### ACTIVITY
For the entries that follow, restate word for word the line containing "EPMD – Strictly", the line containing "MARYLIQ - Blackcurrant", and every line that lies between them.

═══ DATA FOR THE TASK

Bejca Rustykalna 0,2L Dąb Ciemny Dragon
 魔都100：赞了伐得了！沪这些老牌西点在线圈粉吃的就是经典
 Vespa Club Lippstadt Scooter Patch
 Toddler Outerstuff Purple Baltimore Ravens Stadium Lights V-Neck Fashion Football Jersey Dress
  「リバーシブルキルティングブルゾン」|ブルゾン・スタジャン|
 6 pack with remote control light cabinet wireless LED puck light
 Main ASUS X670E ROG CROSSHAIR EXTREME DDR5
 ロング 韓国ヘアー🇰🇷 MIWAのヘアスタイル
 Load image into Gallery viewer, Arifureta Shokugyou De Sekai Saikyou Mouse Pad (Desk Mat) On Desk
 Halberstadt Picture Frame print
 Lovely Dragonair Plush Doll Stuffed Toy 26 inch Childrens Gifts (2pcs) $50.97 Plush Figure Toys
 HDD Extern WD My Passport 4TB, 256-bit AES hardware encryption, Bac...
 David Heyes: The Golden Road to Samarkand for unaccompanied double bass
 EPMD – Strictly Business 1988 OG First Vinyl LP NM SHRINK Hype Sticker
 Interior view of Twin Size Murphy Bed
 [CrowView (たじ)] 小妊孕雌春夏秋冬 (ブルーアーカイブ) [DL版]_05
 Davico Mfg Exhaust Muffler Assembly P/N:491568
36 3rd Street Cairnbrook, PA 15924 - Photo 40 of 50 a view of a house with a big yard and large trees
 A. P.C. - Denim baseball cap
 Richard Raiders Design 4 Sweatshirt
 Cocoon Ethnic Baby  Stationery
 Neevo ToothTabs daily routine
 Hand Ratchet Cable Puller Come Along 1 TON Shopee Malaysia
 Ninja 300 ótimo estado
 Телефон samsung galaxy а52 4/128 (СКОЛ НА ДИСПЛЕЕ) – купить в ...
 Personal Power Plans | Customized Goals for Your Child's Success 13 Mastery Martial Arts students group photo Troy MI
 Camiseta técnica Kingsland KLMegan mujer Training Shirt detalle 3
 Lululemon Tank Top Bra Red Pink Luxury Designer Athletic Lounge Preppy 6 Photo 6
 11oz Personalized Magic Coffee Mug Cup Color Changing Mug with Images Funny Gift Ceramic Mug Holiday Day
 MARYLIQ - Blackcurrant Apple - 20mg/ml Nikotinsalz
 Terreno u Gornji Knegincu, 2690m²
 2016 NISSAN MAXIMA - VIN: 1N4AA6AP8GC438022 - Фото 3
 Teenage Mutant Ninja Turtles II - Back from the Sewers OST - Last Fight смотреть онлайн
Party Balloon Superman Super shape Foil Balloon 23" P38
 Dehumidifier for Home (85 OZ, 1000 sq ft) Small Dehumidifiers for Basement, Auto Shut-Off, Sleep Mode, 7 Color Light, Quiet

══════

### RESPONSE
 EPMD – Strictly Business 1988 OG First Vinyl LP NM SHRINK Hype Sticker
 Interior view of Twin Size Murphy Bed
 [CrowView (たじ)] 小妊孕雌春夏秋冬 (ブルーアーカイブ) [DL版]_05
 Davico Mfg Exhaust Muffler Assembly P/N:491568
36 3rd Street Cairnbrook, PA 15924 - Photo 40 of 50 a view of a house with a big yard and large trees
 A. P.C. - Denim baseball cap
 Richard Raiders Design 4 Sweatshirt
 Cocoon Ethnic Baby  Stationery
 Neevo ToothTabs daily routine
 Hand Ratchet Cable Puller Come Along 1 TON Shopee Malaysia
 Ninja 300 ótimo estado
 Телефон samsung galaxy а52 4/128 (СКОЛ НА ДИСПЛЕЕ) – купить в ...
 Personal Power Plans | Customized Goals for Your Child's Success 13 Mastery Martial Arts students group photo Troy MI
 Camiseta técnica Kingsland KLMegan mujer Training Shirt detalle 3
 Lululemon Tank Top Bra Red Pink Luxury Designer Athletic Lounge Preppy 6 Photo 6
 11oz Personalized Magic Coffee Mug Cup Color Changing Mug with Images Funny Gift Ceramic Mug Holiday Day
 MARYLIQ - Blackcurrant Apple - 20mg/ml Nikotinsalz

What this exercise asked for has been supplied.